Two years ago construction began on 1 mile of bridge along the highway. The work is seen as vital to restoring water flows through the Everglades to levels not seen in decades.

According to Everglades National Park officials, "removing as many barriers to flow as possible—roads, levees, canals, etc.—has become a mantra of the larger restoration effort, and resolving the deleterious impacts of Tamiami Trail is seen as critical to securing the long-term health of Everglades National Park."

The construction of the Tamiami Trail in 1928 blocked those natural water flows. The Trail—a lengthy east-west roadway that crosses Florida—effectively severs the southern Everglades from the flow of water farther north.

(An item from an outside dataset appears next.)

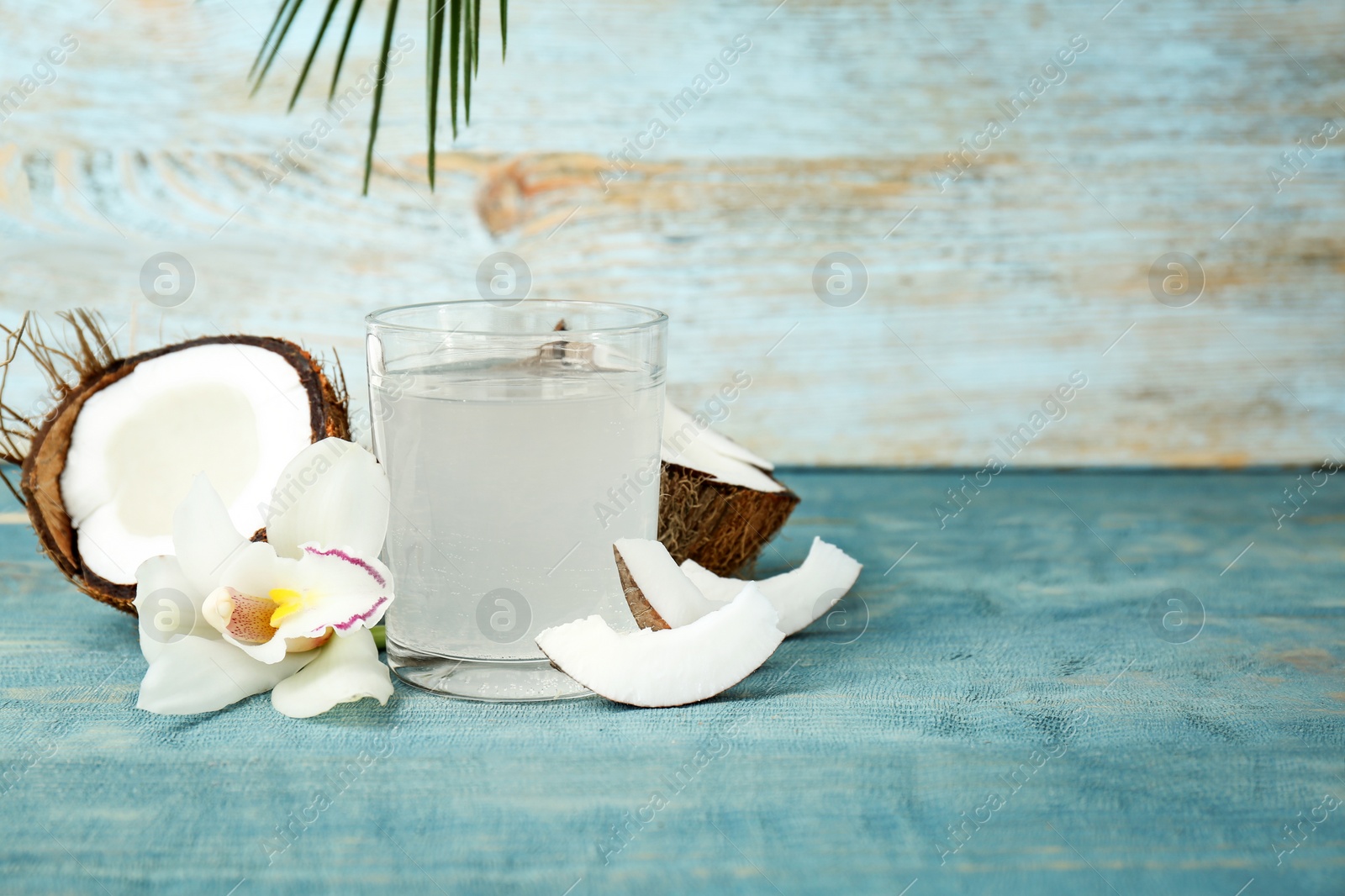 Photo of Glass of coconut water on wooden table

"As a consequence, vast areas of Everglades National Park south of Tamiami Trail now suffer a chronic thirst that manifests itself in the form of frequent droughts, severe wildfires, and changes to the biologic community," says Larry Perez, who works in the Park Service's South Florida Natural Resources Center.

Coupled with recommended road improvements, the bridging along the highway "would allow managers to restore more natural flow patterns to Northeast Shark River Slough—a historic flow way that remains unnaturally dry," said Mr. Perez.

"Taking more than a decade, construction of the original Tamiami Trail was a lengthy and expensive effort," he notes. "At the time of its completion, however, the Tamiami Trail was regarded as a marvel of modern engineering and a testament to human ingenuity.